**Work to be completed:** Repeat the data word for word and skip the pictures.

**Given data:**
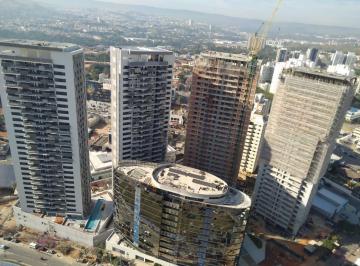 82d3397f275cb34f759d111e24fb1a683a43d338 · Sala comercial para locação com 45,10m² , Jardim Portal da Colina, Sorocaba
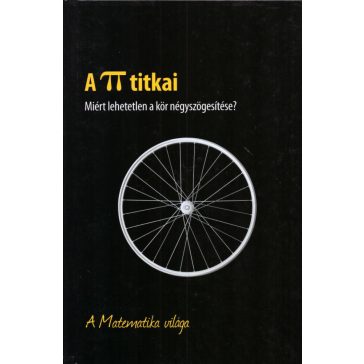 A "pi" titkai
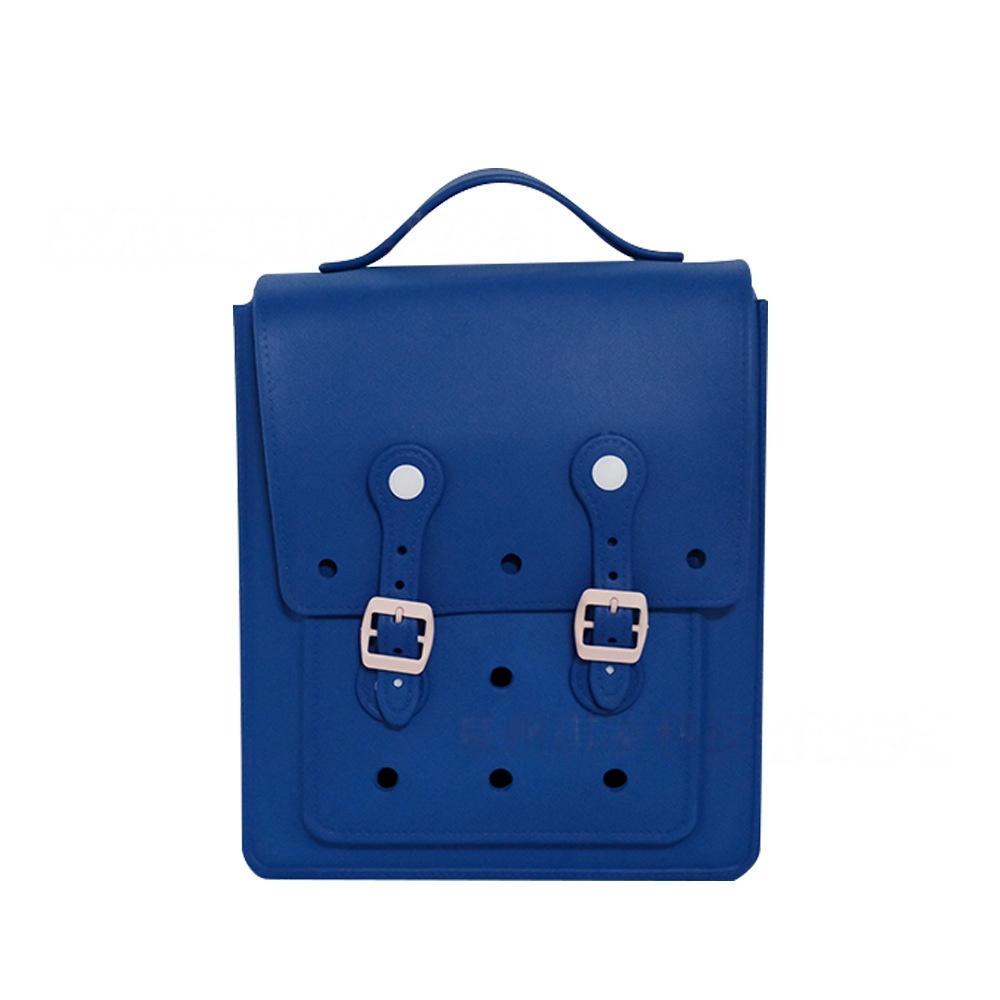 Blue 30-25-15cm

**Result of the exercise:**
 82d3397f275cb34f759d111e24fb1a683a43d338 · Sala comercial para locação com 45,10m² , Jardim Portal da Colina, Sorocaba
 A "pi" titkai
 Blue 30-25-15cm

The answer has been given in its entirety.